EduNLP.Pipeline¶
Pipeline¶
- class EduNLP.Pipeline.base.PreProcessingPipeline(pipe_names: Optional[Union[str, List[str]]] = None)[source]¶
A pipeline for tokenization processing. You should use it by calling pipeline(‘pre-process’), instead of itself directly.
- Parameters
pipe_names (str or List[str], optional) – The quickly initialized pipeline components. For availabel pipes, check TOKENIZE_PIPES in components. To add componets more flexiblely with specific arguments or custom name, use add_pipe.
Examples
>>> tkn = PreProcessingPipeline(['is_sif', 'to_sif', 'is_sif', 'seg_describe']) >>> tkn.add_pipe(name='seg', symbol='fm', before='seg_describe') >>> tkn.component_names ['is_sif', 'to_sif', 'is_sif', 'seg', 'seg_describe'] >>> item = "如图所示,则三角形ABC的面积是_。" >>> tkn(item) False True {'t': 3, 'f': 1, 'g': 0, 'm': 1} ['如图所示,则三角形', '[FORMULA]', '的面积是', '[MARK]', '。'] >>> tkn.rename_pipe(0, 'is_sif_lol') >>> tkn.add_pipe('to_sif', component=lambda x:x, first=True) # This won't succeed for the same name pipe exists >>> tkn.add_pipe('identify', component=lambda x:x, before=1) >>> tkn.component_names ['is_sif_lol', 'identify', 'to_sif', 'is_sif_lol', 'seg', 'seg_describe']

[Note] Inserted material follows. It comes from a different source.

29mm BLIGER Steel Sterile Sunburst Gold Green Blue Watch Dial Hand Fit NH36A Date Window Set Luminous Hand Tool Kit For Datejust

- add_pipe(name: str, component: Optional[Callable] = None, before: Optional[Union[int, str]] = None, after: Optional[Union[int, str]] = None, first: Optional[bool] = None, last: Optional[bool] = None, *args, **kwargs)[source]¶
Add a component to the tokenization pipeline. Valid component must be Callable and feat its next component. Only one parameter of before/after/first/last can be set. Default setting is last. Notice: 1. Please try to avoid more than one usages of one same pipe, otherwise you can only modify them with index.
i.e. before and after works well only when the pipe is unique.
- The *args, **kwargs parameters will be passed to component constructor in PREPROCESSING_PIPES,
and this only works when you do not give a callable component.
- Parameters
name (str, required) – the name of pipe
component (Callable, optional) – the custom pipe component, be careful with its nearest components’ input&output.
before (str or int, optional) – name or index of the component to insert new component directly before. Index start from 0.
after (str or int, optional) – name or index of the component to insert new component directly after. Index start from 0.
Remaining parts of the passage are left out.